Preemie Babies: News, Facts, and Support Practices for Families

November 17th this National Prematurity Day to raise awareness about preterm birth prevention.

One in ten babies is born prematurely, that is at least three weeks before their due date. Preterm labor can be relatively mild, where the infant just needs to be monitored, or it can be an emergency where the child is so underdeveloped that the gestation process was so far from complete that a team of experts must attempt to control the environment and almost recreate the womb until the baby can manage.

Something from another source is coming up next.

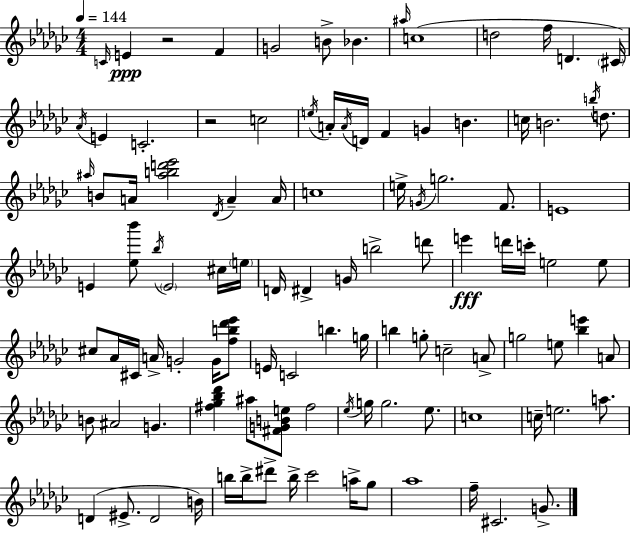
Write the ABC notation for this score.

Needless to say, it is harrowing for any family to go through this, and while sometimes it is a mystery why babies arrive too soon, there are many reasons why it happens. Some of them include:

  • Being very overweight or underweight before getting pregnant
  • Substance abuse like alcohol, cigarettes or drugs
  • Envitro fertility methods
  • Twins
  • High blood pressure, preeclampsia and blood clotting disorders

There are other health issues that can contribute to a preterm birth, which is why it is imperative that women receive maternity care throughout their entire pregnancy. Part of that protocol is determining if the pregnant woman is at risk for premature birth and taking steps to ensure that she makes it through the entirety of her labor.

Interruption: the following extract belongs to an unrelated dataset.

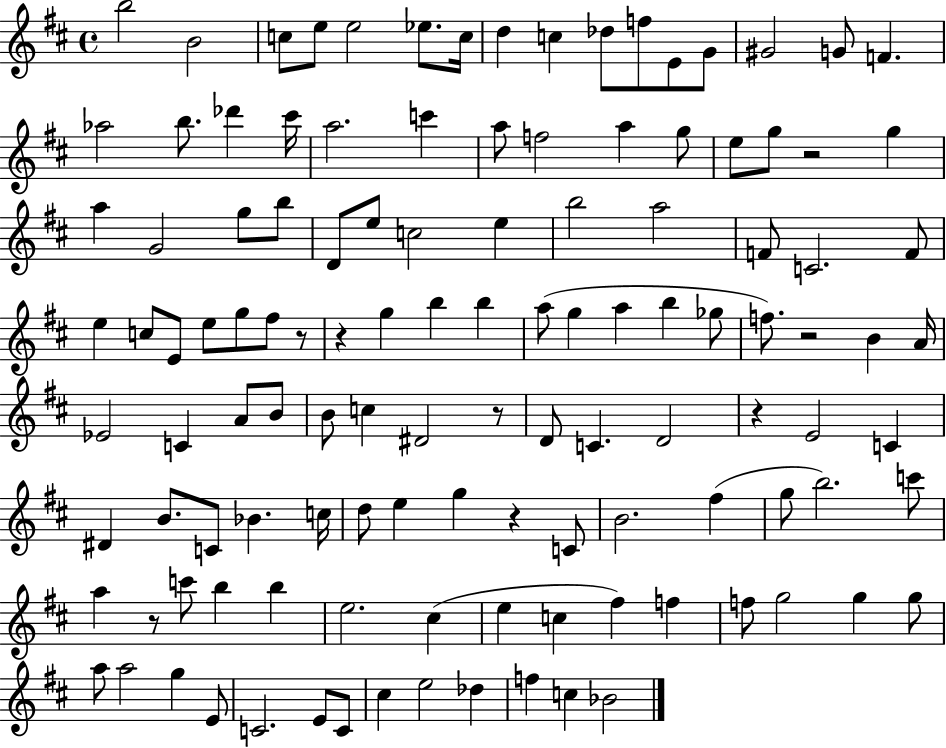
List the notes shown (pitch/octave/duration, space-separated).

B5/h B4/h C5/e E5/e E5/h Eb5/e. C5/s D5/q C5/q Db5/e F5/e E4/e G4/e G#4/h G4/e F4/q. Ab5/h B5/e. Db6/q C#6/s A5/h. C6/q A5/e F5/h A5/q G5/e E5/e G5/e R/h G5/q A5/q G4/h G5/e B5/e D4/e E5/e C5/h E5/q B5/h A5/h F4/e C4/h. F4/e E5/q C5/e E4/e E5/e G5/e F#5/e R/e R/q G5/q B5/q B5/q A5/e G5/q A5/q B5/q Gb5/e F5/e. R/h B4/q A4/s Eb4/h C4/q A4/e B4/e B4/e C5/q D#4/h R/e D4/e C4/q. D4/h R/q E4/h C4/q D#4/q B4/e. C4/e Bb4/q. C5/s D5/e E5/q G5/q R/q C4/e B4/h. F#5/q G5/e B5/h. C6/e A5/q R/e C6/e B5/q B5/q E5/h. C#5/q E5/q C5/q F#5/q F5/q F5/e G5/h G5/q G5/e A5/e A5/h G5/q E4/e C4/h. E4/e C4/e C#5/q E5/h Db5/q F5/q C5/q Bb4/h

  • Respiratory problems since their lungs are not yet ready to breath on their own
  • Vision issues
  • Trouble latching/nursing
  • Developmental delays
  • Cerebral Palsy

Thankfully, modern medicine has taken some profound leaps forward in saving preemies, and mothers are more well-informed about lifestyle choices that could have an impact. Rates in preemie births peaked in 2007 but have since dropped again as far as 2013.

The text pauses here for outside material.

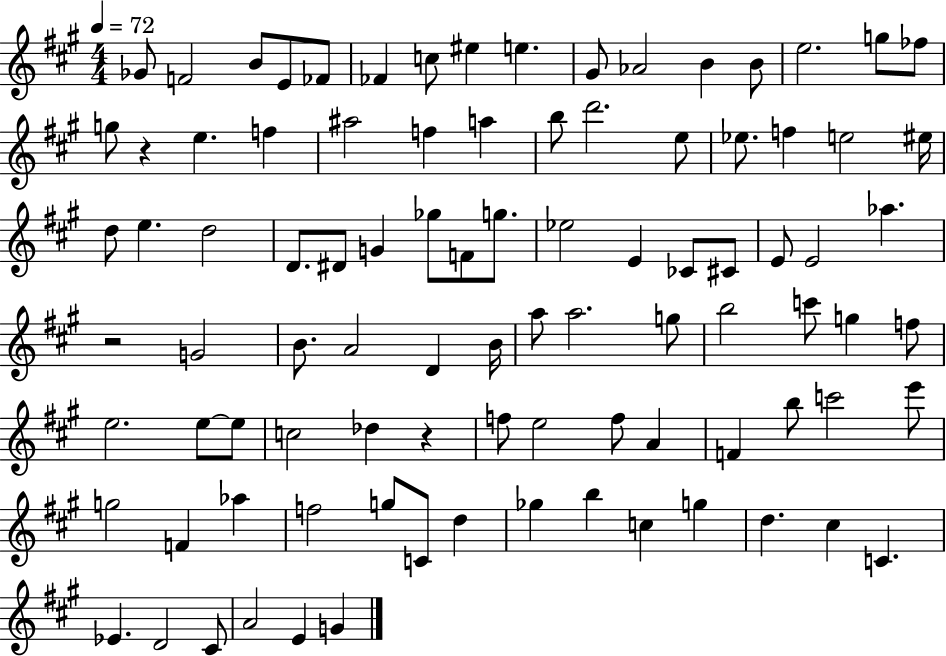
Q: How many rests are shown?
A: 3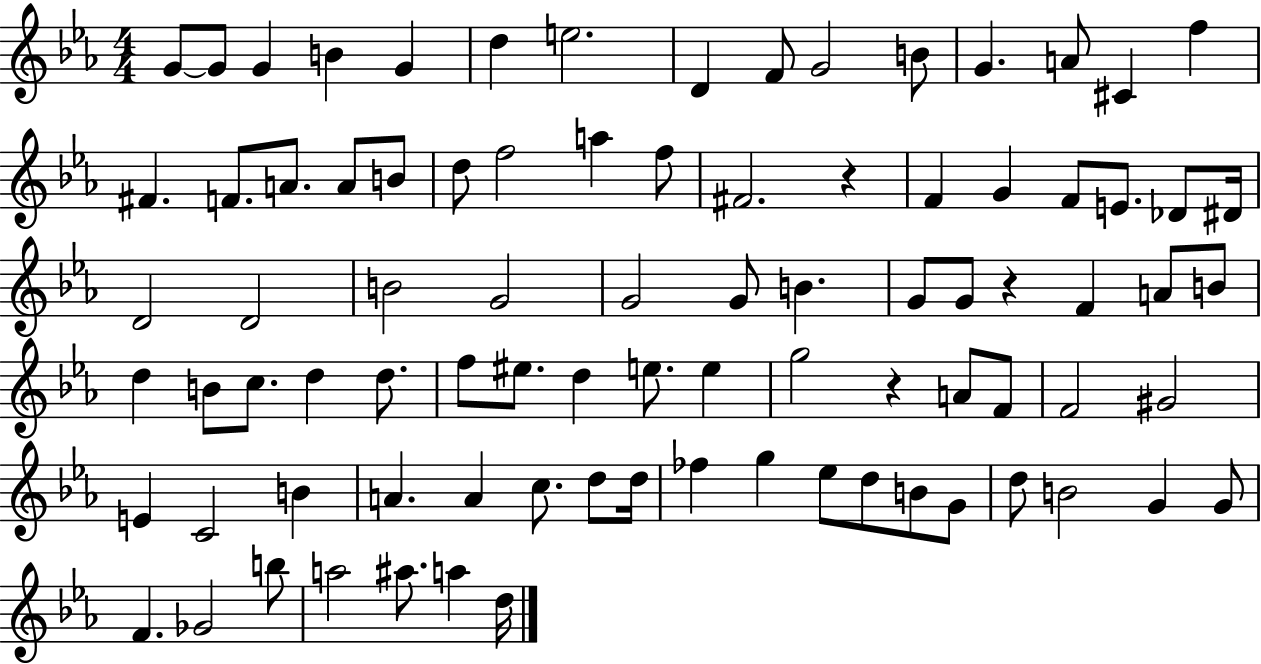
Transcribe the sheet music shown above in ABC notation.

For families who experience a dangerously early birth, the anxiety is constant until their baby is out of the woods and able to survive without intervention. There are some easy ways to support these families that can relieve the burden. Some suggestions made by families who have go through this include:

  • Planning meals
  • Communication with friend network
  • Find preemie mentors try this resource: Grahams Foundation Website
  • Avoid silver linings: “look on the bright side...”
  • Don’t send flowers. They aren’t allowed in the baby’s room due to high risk of infection
  • Take over practical tasks like picking up mail, dog-walking or lawn mowing
  • Listen vs. making suggestions or doling out advice.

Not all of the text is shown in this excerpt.